30 Wohnungen von der WBG Erkrath

Das spontane Angebot der WBG 30 Wohnungen für aus der Ukraine geflüchtete Menschen zur Verfügung zu stellen, kam für die Stadt in dieser Situation ‘wie gerufen’. Viele Menschen in Erkrath haben sich allerdings gefragt, woher diese 30 freien Wohnungen in Erkrath plötzlich kommen. “Hier handelt es sich um Wohnungen, die leer gezogen wurden, um Grundsanierungen durch zu führen, oder weil Häuser abgerissen werden sollen, um an gleicher Stelle Neubauten zu errichten”, erklärt WBG Vorstand Christian Frank.

Das Haus Bachstraße 7 hatte die WBG von der Reinhold-Pose-Stiftung übernommen, nachdem klar war, dass die notwendige Sanierung des Hauses die Mittel der Stiftung deutlich übersteigen würde.

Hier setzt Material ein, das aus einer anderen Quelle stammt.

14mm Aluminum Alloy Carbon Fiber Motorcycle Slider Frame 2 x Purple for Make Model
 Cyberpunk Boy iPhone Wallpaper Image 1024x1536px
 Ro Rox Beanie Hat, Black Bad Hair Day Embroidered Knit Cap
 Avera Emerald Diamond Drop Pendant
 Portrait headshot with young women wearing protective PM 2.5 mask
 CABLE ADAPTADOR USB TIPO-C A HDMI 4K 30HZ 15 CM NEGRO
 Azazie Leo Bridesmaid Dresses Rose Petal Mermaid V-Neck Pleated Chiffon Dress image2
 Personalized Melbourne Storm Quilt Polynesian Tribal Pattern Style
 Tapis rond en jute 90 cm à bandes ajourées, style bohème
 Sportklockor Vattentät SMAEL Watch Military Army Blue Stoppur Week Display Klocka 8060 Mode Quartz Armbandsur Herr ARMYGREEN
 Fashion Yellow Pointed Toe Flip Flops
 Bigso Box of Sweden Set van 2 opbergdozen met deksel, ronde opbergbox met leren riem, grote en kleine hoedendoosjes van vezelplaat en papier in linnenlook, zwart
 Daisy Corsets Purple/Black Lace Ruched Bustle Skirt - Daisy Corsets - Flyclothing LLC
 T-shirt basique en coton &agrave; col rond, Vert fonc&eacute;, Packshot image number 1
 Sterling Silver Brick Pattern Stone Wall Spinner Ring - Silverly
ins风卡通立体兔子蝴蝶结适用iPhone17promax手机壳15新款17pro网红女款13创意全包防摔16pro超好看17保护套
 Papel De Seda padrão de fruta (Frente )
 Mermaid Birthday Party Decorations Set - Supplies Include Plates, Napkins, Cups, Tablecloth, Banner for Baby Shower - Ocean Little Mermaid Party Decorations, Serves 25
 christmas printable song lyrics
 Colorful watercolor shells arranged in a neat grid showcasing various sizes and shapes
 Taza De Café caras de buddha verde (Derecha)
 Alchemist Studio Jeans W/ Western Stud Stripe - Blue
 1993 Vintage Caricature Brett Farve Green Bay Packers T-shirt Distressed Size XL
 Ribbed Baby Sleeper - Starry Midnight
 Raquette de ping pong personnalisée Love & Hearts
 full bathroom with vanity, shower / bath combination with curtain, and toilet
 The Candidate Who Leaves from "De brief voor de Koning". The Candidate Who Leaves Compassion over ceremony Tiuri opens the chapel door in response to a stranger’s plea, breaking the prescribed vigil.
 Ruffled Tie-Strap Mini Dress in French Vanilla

Zur Sanierung sollte das Haus nach und nach frei gezogen werden. Zu Beginn des Ukraine Krieges waren bereits 23 Wohnungen leer.

Auch die Wohnungen in den Gebäuden auf der Beethovenstraße 9 bis 21 werden nach und nach leer gezogen. Hier sind jedoch Abriss und ein Neubau im Bestand an gleicher Stelle geplant. “Hier steht noch ein Bebauungsplanverfahren an und das dauert in der Regel länger”, erklärt Christian Frank. “Für uns war es selbstverständlich, die Wohnungen in dieser Notlage erst einmal zur Verfügung zu stellen.” Frank lobte die Abstimmungen mit Michael Pfleging und seinem Team, die schnell und unbürokratisch gelaufen seien. “Ich war kürzlich auf einer Tagung der Wohnungswirtschaft und erwähnte das Projekt. So etwas in der Art gibt es in anderen Städten nicht so”, schildert er das Feedback anderer Vertreter der Wohnungswirtschaft.

Info: Wolfgang Soldin stellte das Projekt ‘als eines, dass nicht bis August warten kann’ bei der Auftaktveranstaltung für Unternehmen anlässlich des Aktionstags der Wirtschaft vor und viele Unterstützungsangebote von örtlichen Unternehmen bilden eine frühe Projektbeteiligung des diesjährigen Aktionstags. Einmal mehr zeigt sich hier die ‘Starke Gemeinschaft Erkrath‘.